I've finally figured out how to delegate all my email to AI. It took way longer than it should have, given how much I hate email.
The key is to put it in a self-improving loop.
It becomes an automated email system that runs every morning at 6am. It reviews your inbox, writes draft replies, archives junk, and improves over time.
Set up your templates and routing rules
Set up an agent to review all your emails and create a folder of common responses. Go through your sent folder and pull out every reply you send regularly. Turn them into reusable templates.
Then write your routing rules. What should be archived automatically (newsletters, no-reply senders, SaaS notifications). What should be declined? What should be flagged as a priority? This is just a text file the agent reads before every run.
If you're mostly handling customer support or similar predictable categories, this is quick.
Train it on your voice
Give the agent examples of your writing style. I have two inboxes at Kwanda, so I use two voice profiles. My personal inbox uses my voice: direct, warm, and clear. The team inbox uses our support voice: polite, concise, and approachable.
This is what stops it from sounding like AI wrote your emails. You're not asking it to generate replies. You're asking it to fill in templates and match a tone you've already defined.
This gets you 70% of the way there. Here's what gets you to 110%.
A daily report card and a decision journal
Every time the agent handles your email, it generates a report: what it did with each email and why. You grade that report. If you had made any decision differently, you explain that.
The agent records your corrections in a decision diary, which it reads before every future run. If a sender gets archived three times, it auto-archives them going forward. If you override a decision, it will be adjusted next time. The diary compounds.

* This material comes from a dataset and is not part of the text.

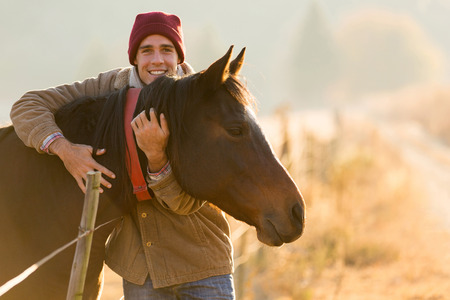 portrait of happy man hugging his horse in the ranchの写真素材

It also creates new templates on the fly. When it encounters an email type it hasn't seen before, it drafts a response and saves a reusable template. Three weeks in, my library grew from 50 to 68 without me adding a single one manually.
Give it context
Give the agent access to your calendar and a list of your priorities. Mine knows I'm focused on fundraising, storytelling, and partnerships this year. When someone asks for my time, and it doesn't align with those three things, the default is no. Panel invitation outside our mission? Polite decline, drafted automatically. Funder wanting to chat? Flagged for my attention.
This is the difference between a filter and an assistant. It's making judgment calls based on what you actually care about.
Schedule it and let it run
I set it up to run at 6am every morning. It never sends anything. Only drafts. I open Gmail, scan the drafts, hit send on the good ones, and tweak the rest.
Do this for two weeks, and it'll score an A+ every time. You'll never need to write routine emails again.